# DIRECTIONS FOR THIS TASK
What you return must be the full data, repeated verbatim, with no pictures in it.

# DATA LISTING
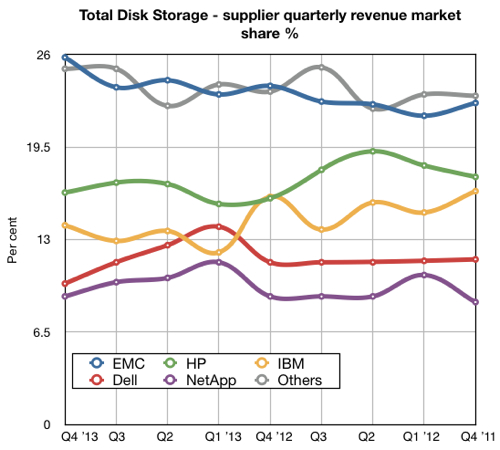 Total disk storage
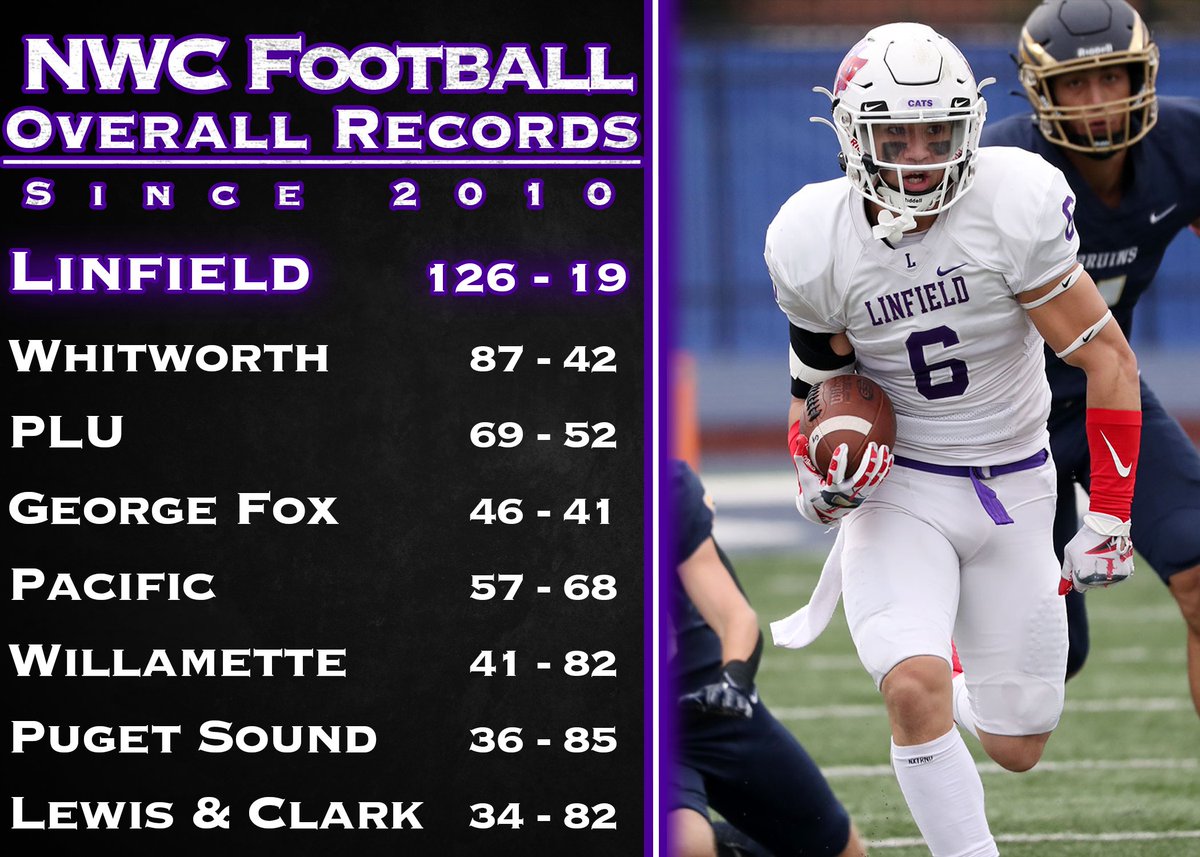 Linfield Football tweet media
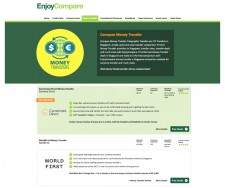 EnjoyCompare Money Transfer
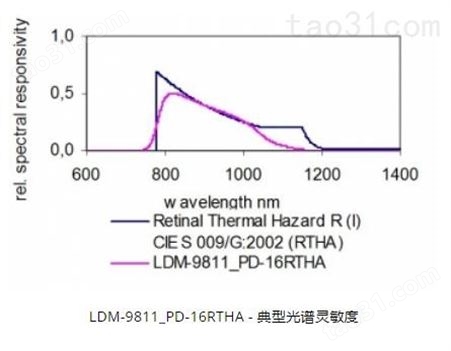 Gigaherz-Optik LDM-9811 蓝光和热视网膜危害的测量头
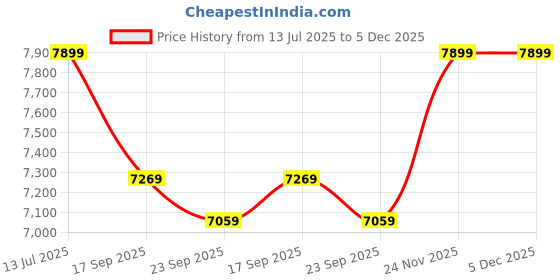 amazon.in jabra Evolve 30 UC Duo MS Optimized, Leather Cushion jabra Price History Graph from 13 Jul 2025 to 4 Dec 2025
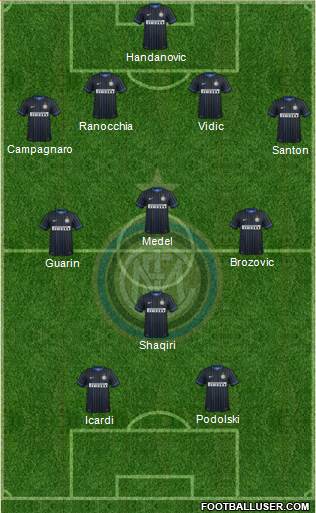 F.C. Internazionale Formation 2015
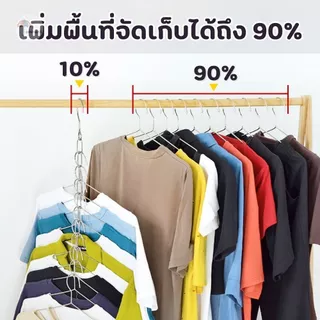 โซ่สแตนเลสแขวนผ้า ตะขอแขวนผ้า ห่วงโซ่แขวนของอเนกประสงค์ โชว์สินค้า 10 ห่วง เพิ่มพื้นที่จัดเก็บในตู้เสื้อผ้า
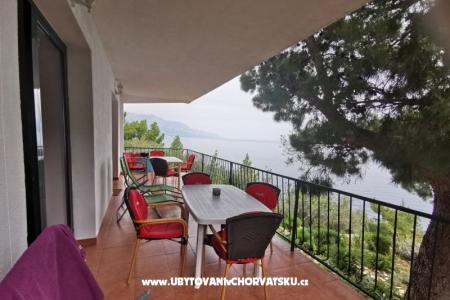 Ana Appartementen Baska Voda Kroatië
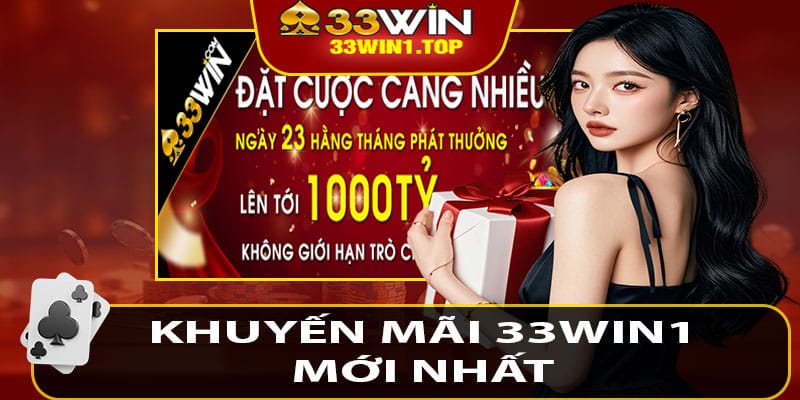 Tìm Hiểu Thông Tin Khuyến Mãi 33win1 Mới Nhất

# ANSWER
 Total disk storage
 Linfield Football tweet media
 EnjoyCompare Money Transfer
 Gigaherz-Optik LDM-9811 蓝光和热视网膜危害的测量头
 amazon.in jabra Evolve 30 UC Duo MS Optimized, Leather Cushion jabra Price History Graph from 13 Jul 2025 to 4 Dec 2025
 F.C. Internazionale Formation 2015
 โซ่สแตนเลสแขวนผ้า ตะขอแขวนผ้า ห่วงโซ่แขวนของอเนกประสงค์ โชว์สินค้า 10 ห่วง เพิ่มพื้นที่จัดเก็บในตู้เสื้อผ้า
 Ana Appartementen Baska Voda Kroatië
 Tìm Hiểu Thông Tin Khuyến Mãi 33win1 Mới Nhất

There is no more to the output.